Sunday, 23 September 2012

Hadoop, Sql Azure the BI and Analytics Dilemma

MSFT teams in Redmond haven’t made any official statement on Analysis Service (SSAS) for Sql Azure. With Azure making big commitment on Hadoop the dilemma becomes two fold building BI & Analytical capabilities for Sql Azure and Hadoop. I’m sure countless discussions have happened in those Redmond buildings deciding the same. Some guess work around this “MSFT will release Analysis Services for Sql Azure early next year”. The Analysis Service should involve support for both Sql and No Sql.
I started with a simple application in the financial industry vertical in cloud. I soon reached a point where I was pushed to corner to make some hard decision on cloud as the application besides the transactional features required tons of BI and Analytics spread across both structured and unstructured world.
Sql Azure unwillingly became the choice of structured database and Hadoop and Azure became willing choice for unstructured data.
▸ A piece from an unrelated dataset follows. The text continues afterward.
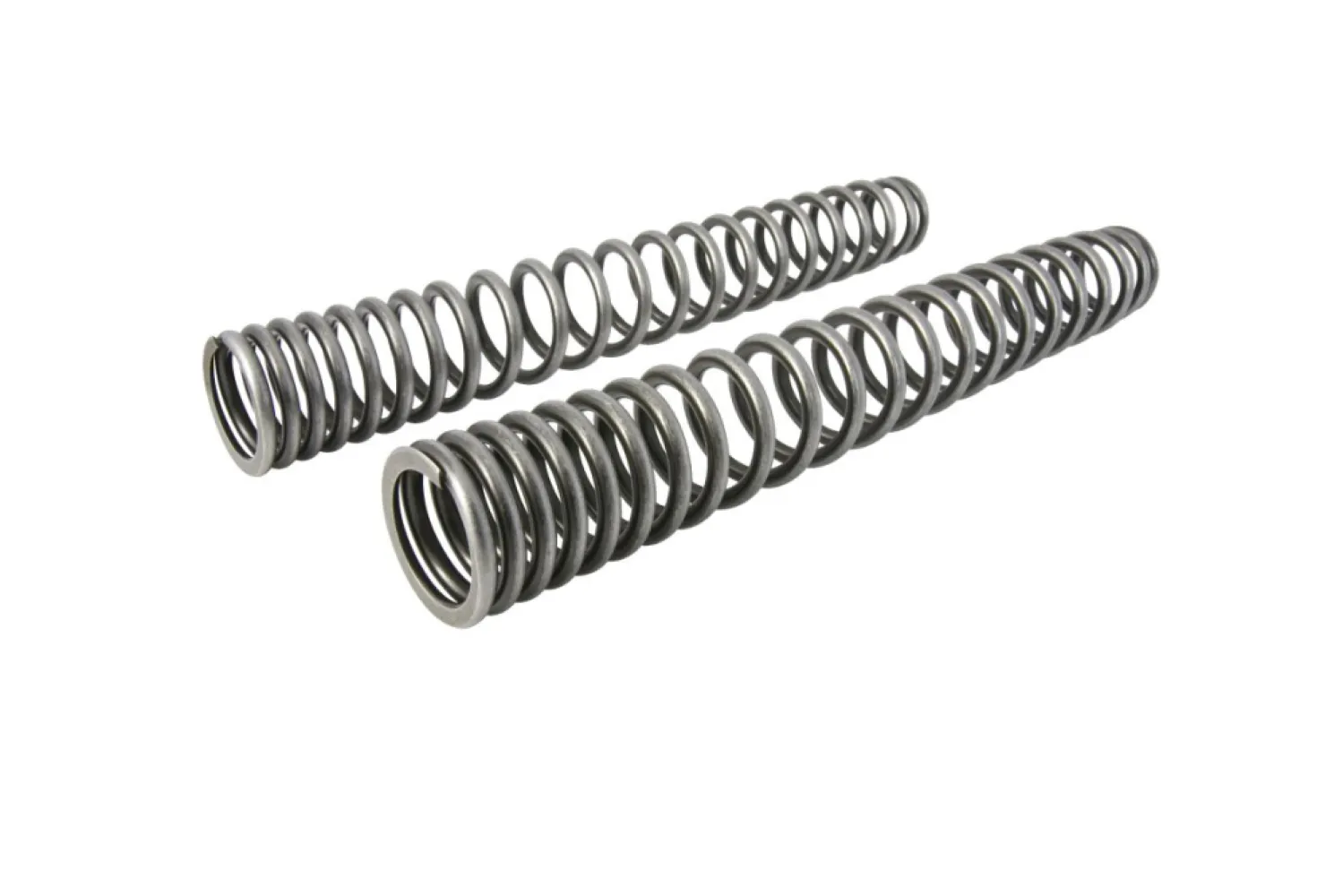 HYPERPRO - FRONT FORK SPR 5 6N/MM - 04051113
Hadoop provide very quick and optimal search across terra bytes of data  and Sql Azure with its limited on cloud offering gave transactional. The BI and Analytical capability became a nightmare.
The MSFT teams on Sql Azure are tight lipped about an “Analysis framework in Sql Azure which can do both structured & un structured”. For right now I have a Sql 2012 Analysis Service running on Azure virtual machines which did pretty much what I wanted. But then “unwillingly I have to say SSAS of Sql 2012 is coming in Sql Azure” pure guesswork.
The application as of current looks like this
What below is my thought process pure guesswork? The shift to No Sql is evident MSFT – Azure platform has to embrace the No Sql platform completely this involves extending the BI and Analytics. What seems to be emergent is an Analysis Service architecture is expected to support both Sql and No Sql running out of Sql Azure platform. The Sql Server 2012Analysis Service -  xvelocity an in memory analytics engine is step to move into the PaaS model for Sql Azure.This new engine is delivered within the following modules
  • xVelocity for Data Warehousing: is a memory optimized columnstore index for high speed data querying (relational queries).
  • xVelocity for Business Intelligence: is the in-memory analytics engine for Analysis Services (Tabular Model) and PowerPivot.
As the name in-memory engine implies all the data is stored in memory. Although todays computer systems are equipped with gigabytes of memory, memory still is an expensive resource. Therefore we need to be able to analyze the memory usage of the Analysis Services in-memory engine to understand how much memory is consumed by the different applications. The SQL Azure Analysis Service Framework should deliver a massively parallel processing infrastructure with a software solution that embeds both SQL and MapReduce analytic processing for deeper analytic insights on multi-structured data and new analytic capabilities driven by data science. Analysis service is most likely to uses an integrated MapReduce analytics engine for embedded analytic processing, simplifying enterprise access for big data analytics. Sql Server Analysis Service formally supported only SQL so that any business intelligence tool that generates standard SQL or any business analyst that knows SQL can immediately invoke the power of data science without having to learn programming languages or new interfaces. What is expected Sql Analysis Services Framework expected to look like is image While writing my applications I have found pushing data into Hadoop Azure cumbersome. I have resorted to writing data poll mechanism which will pull data from the Azure Blob storage push to Hadoop Head Node. This is not a documented way, it works. Find the code here.      

Tuesday, 4 September 2012

Real-World Windows Azure Case Study: Hearst Newspapers- Getting Critical about it.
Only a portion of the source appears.